Maher Abd al-Rashid (Arabic: ) was a General of the Iraqi army and a member of the Al-Bu Nasir tribe. Rashid rose to prominence during the Iran-Iraq war, and was regarded as one of Saddam's best generals, serving as Chief-of-Staff of the Iraqis after being brought out of retirement, which he had been forced into in 1983. Rashid also played a prominent role in helping Iraq to regain her initiative during the war. Not all assessments of Rashid were so kind, and Ra'ad al-Hamdani refers to him as "one of the dumbest generals in the army".

Iran–Iraq War
High Iraqi losses during the conflict nearly led to a mutiny led by Rashid, father-in-law of Hussein's second son. Rashid began by public criticizing Saddam Hussein, and claimed that many of Iraq's casualties were caused by Saddam's meddling into military affairs.

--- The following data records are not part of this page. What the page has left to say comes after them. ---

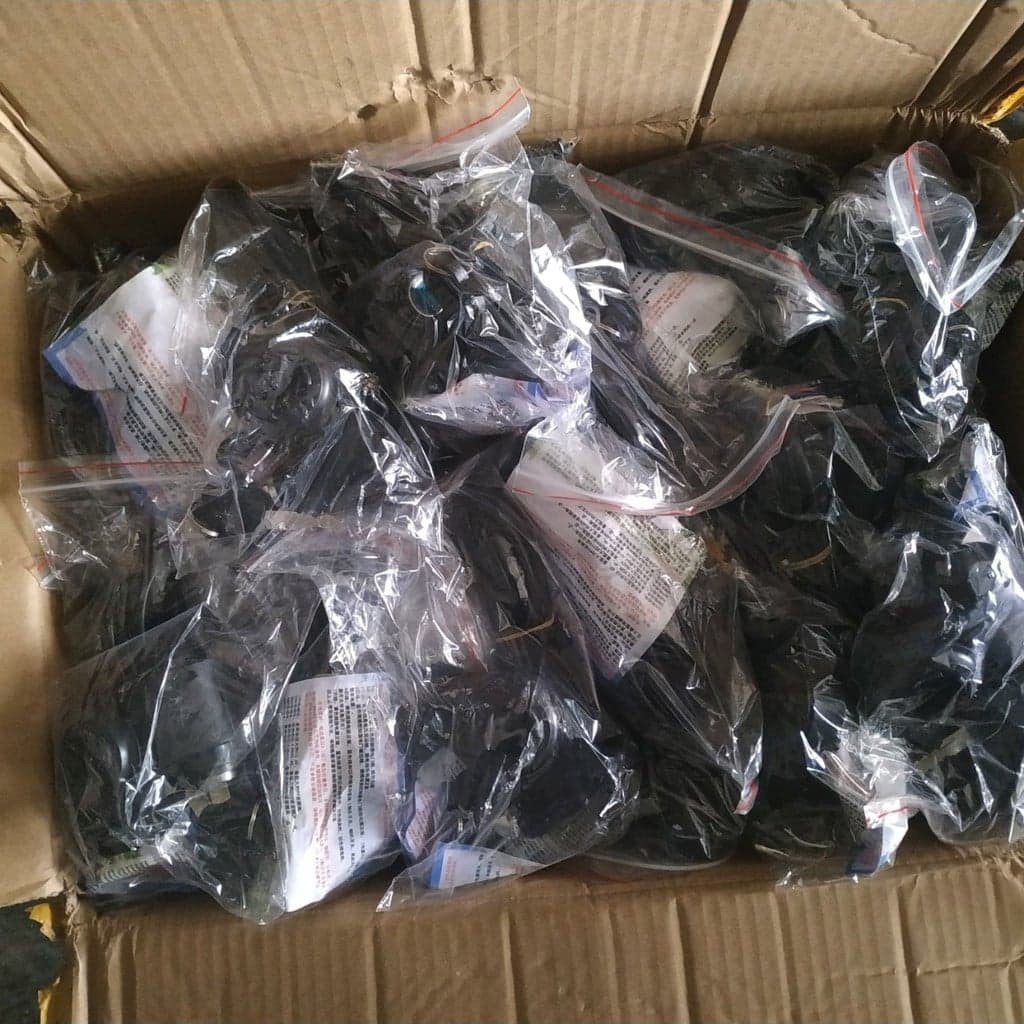 Tay ga xe đạp điện 2 nấc khóa, chỉnh ga bằng cách gạt ngón cái, lắp xe đạp thể thao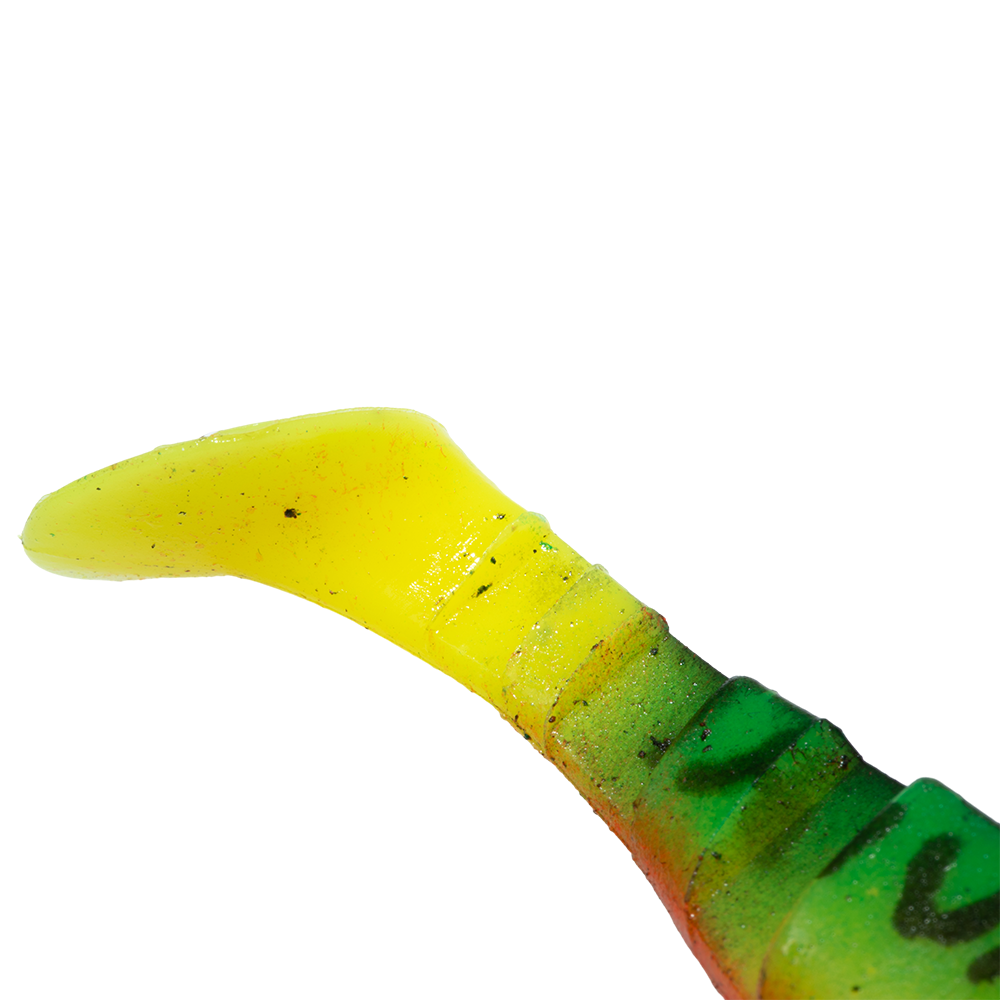 Виброхвост MADFISH Active Predator 70мм, 3,9гр, съедобная (5 шт. уп.) цвет (010). Фото №3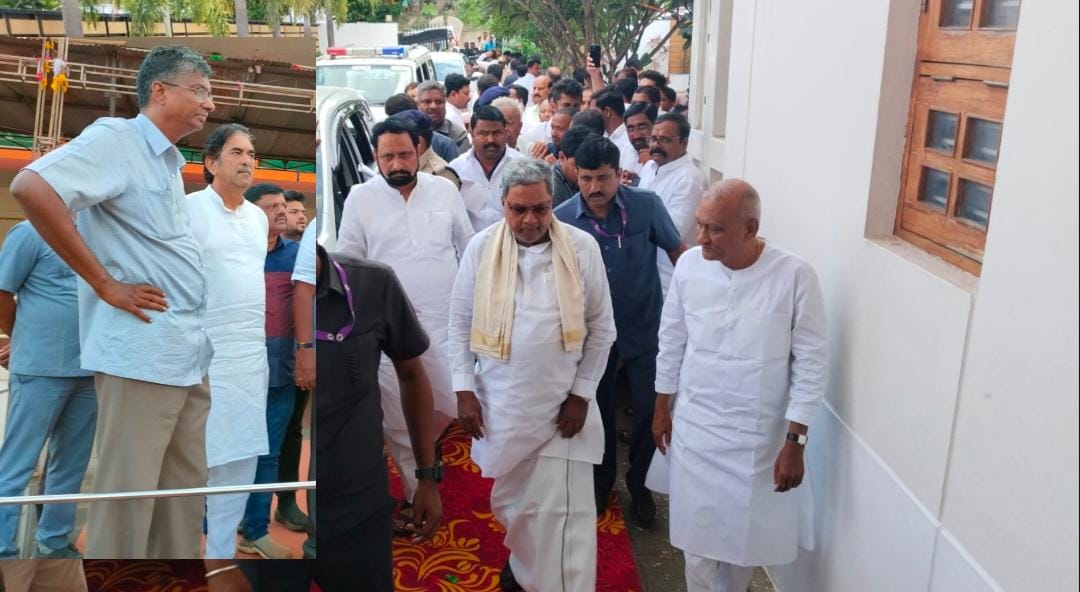 ಸವದಿ ಮನೆಗೆ ಹೋಗದ ಸಾಹುಕಾರ್ ; ವೇದಿಕೆಯಲ್ಲಿ ಕೊಟ್ಟ ಉತ್ತರ ಏನು…?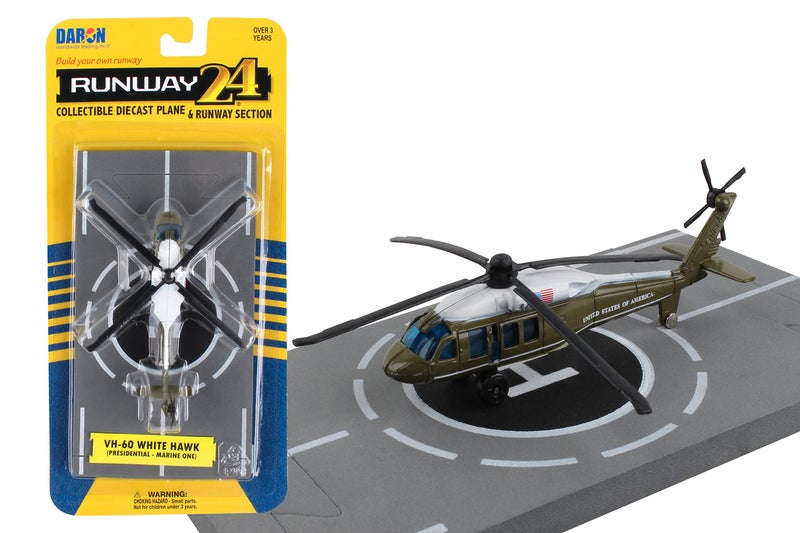 Daron Worldwide Trading Runway24 Uh60 Presidential Helicopter - Image 2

Saddam ordered him back to Baghdad due to both his public criticism and his failure to remove the Iranians from the al-Faw peninsula. Aware that an order to return to Baghdad was probably a death sentence for Rashid, his officers warned Saddam that if anything were to happen to Rashid they would mutiny. This confrontation with the military led to the greater independence of military planning from Ba'athist-leadership interference. Shortly afterwards, the Iraqi Air Force once again established air superiority.  

Despite this, Rashid was placed under house arrest following the end of the Iran-Iraq war in an effort to reduce the power of Generals who had become influential during the war years in order to prevent any possible coup attempts from forming.

1991 Uprisings
Following the Gulf War Iraq experienced a wave of uprisings and Saddam called on Rashid to help put down the uprising against the Ba'athist government.

Iraq War & Aftermath
Rashid was given command by Saddam over the Iraqi Armed Forces's Southern Command in the run up to the 2003 Invasion of Iraq. Saddam also appointed him as the General Supervisor for the Iraqi Army's 3rd, 4th, and 7th Corps. After the fall of the Iraqi government Rashid disappeared, before being arrested in July 2003 in Tikrit. He spent the next five years in prison.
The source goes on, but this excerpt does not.